Something quirky caught William Pedersen's eye as he pedaled past Greenhill Cemetery during a bike ride along Sunrise Drive in his hometown of St. Peter, Minn.

"I thought it was a strange sight, especially in a cemetery," Pedersen said in an e-mail. "It was a replica of an elephant, apparently set in as a head stone of sorts."

The 4-foot concrete sculpture of the elephant, trunk aloft, stands above side-by-side graves of George and Vates Engesser — a married couple of zany vaudeville and circus impresarios from St. Peter before the Depression wiped them out. More on them in a paragraph.

This is the 250th consecutive Sunday for these Minnesota history columns, which have morphed into a crowdsourcing, self-feeding storytelling enterprise. Ninety percent of these columns come from tips from readers like Pedersen. So, thanks to all for priming the pump of the past.

Born in St. Peter in 1889, George Engesser came from a family of German immigrant beer-brewing brothers. Their Engesser Brewing and Malting Co. started in St. Peter in 1856 — predating statehood by two years and becoming one of the longest serving breweries west of the Mississippi River until Prohibition 64 years later.

Beer apparently never interested George, who expanded his circus into one of the nation's largest motorized shows with 75 trucks that traveled to towns that circus trains couldn't visit.

"We were called the Sunday School circus because there was no drinking and no short changing allowed," George's younger brother, Emmett, recalled.

George cracked into the entertainment business in 1909. While working in a music store, a vaudeville troupe came to St. Peter and needed a piano player.
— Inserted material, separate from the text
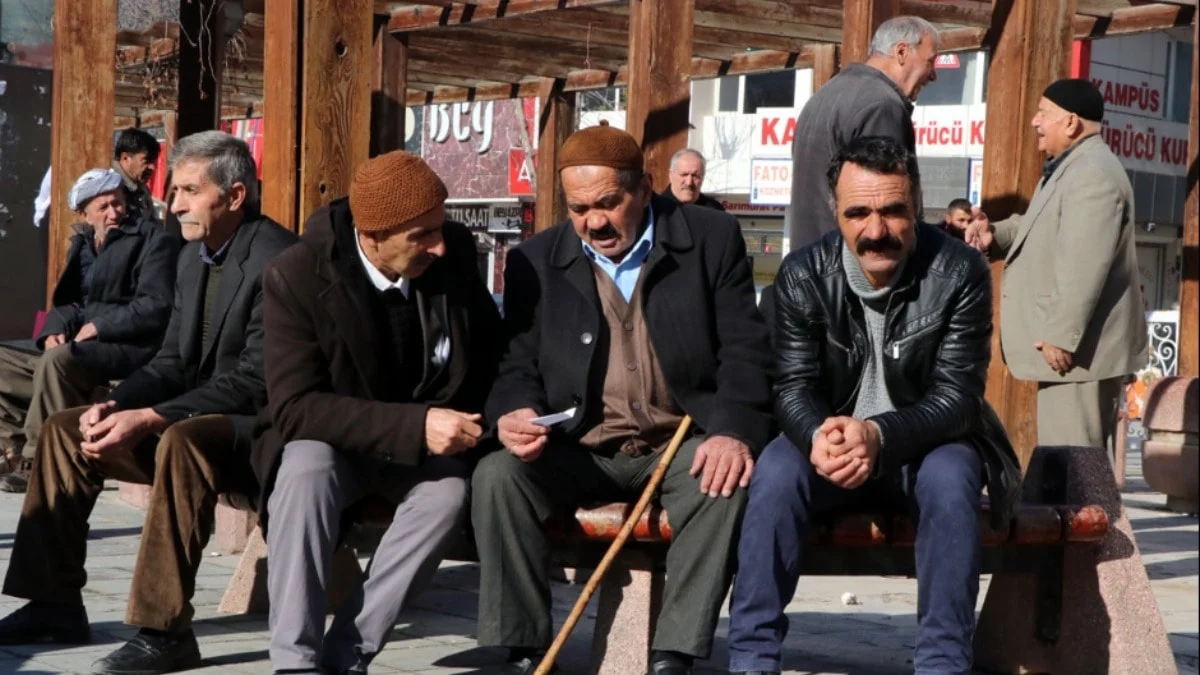 Emekli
George signed on and developed his own unique act.

"George's gimmick was playing the piano while standing on his head," recalled his grandson, William Powell, a high-ranking executive with Ringling Bros. and Barnum & Bailey Circus in the 1990s.
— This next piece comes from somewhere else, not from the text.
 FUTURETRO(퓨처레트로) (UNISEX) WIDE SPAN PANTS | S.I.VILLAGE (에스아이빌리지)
Billing himself as "The Mad Pianist," George met Vates Lola Swenson on the vaudeville circuit — where her shtick was performing as a mechanical, windup doll. Vates grew up in the early 1900s — part of a pioneering family of Mormons in Utah. She married George in Oklahoma in 1912. She claimed to be 19 on their marriage license. He was 22. Records and family lore put her closer to 16.

In 1917, when George filled out his World War I draft card, he listed his address as "on road in South" — arguing that he qualified for an exemption because he was employed as the "proprietor of two tents shows" as well as being married with their first of three daughters. That was good enough to keep him out of the Great War.
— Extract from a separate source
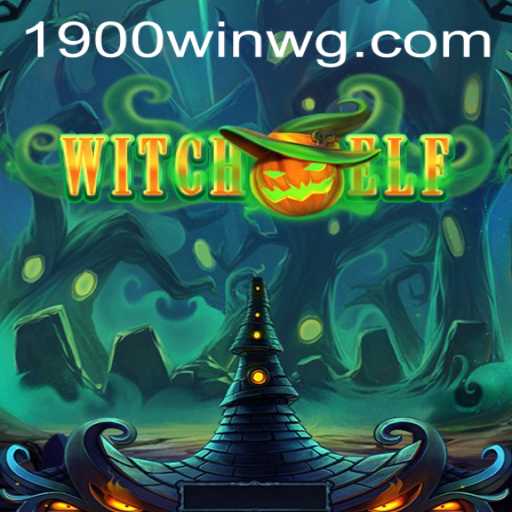 WitchElf: Mergulhando no Universo Encantado com a Palavra-Chave Mágica 1900win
Owning his own circus had long been his dream. "For nearly 15 years he talked to her about the day they would be master and lady of a circus," according to a 1935 newspaper clipping at the Nicollet County Historical Society in St. Peter.

Another story, from a 1925 St. Peter Herald, said: "The circus game has been an alluring one for Mr. Engesser. For several years, it has been his ambition to plunge into the big time, but he is conservative …"

Conservative? By 1925, he had 35 trucks and four touring troupes playing seven days a week across the country. He vowed to invest $20,000 in 1926, purchasing two lions, a bear and some wolves and kangaroos. He soon added two elephants, Ruth and Mary, according to circusesandsideshows.com.

Just before the Depression descended in 1929, theirs was the second-largest motorized circus in the country. But they called it the Zellmar Bros. Circus and then Schell Bros. because "Engesser" was too hard to say and remember.

"They had a fair amount of money and it was invested in stocks and bonds," their grandson said in 1992. "In one day, it all went down the tubes."

When the circus fizzled in 1934, George and Vates traded an elephant for a Ford at the local St. Peter dealership and went back to tent shows in small towns.

George died in Dallas in 1962 at 72. Vates died 22 years later in Ohio in her late 80s.

Their showy legacy lived on with oldest daughter Vates starring in Hollywood films in the 1920s and '30s, including a circus flick.

Daughter Gee Gee went from showing elephants to wolves and malamutes — "Gee Gee's Alaskans" — in which she'd enter on a sled wearing furs. Her son, William Powell, became regional vice president and marketing manager at Ringling Bros.

"George and Vates' final resting place is adorned by an elephant sculpture," according to Stew Thornley's 2004 book "Six Feet Under: A Graveyard Guide to Minnesota."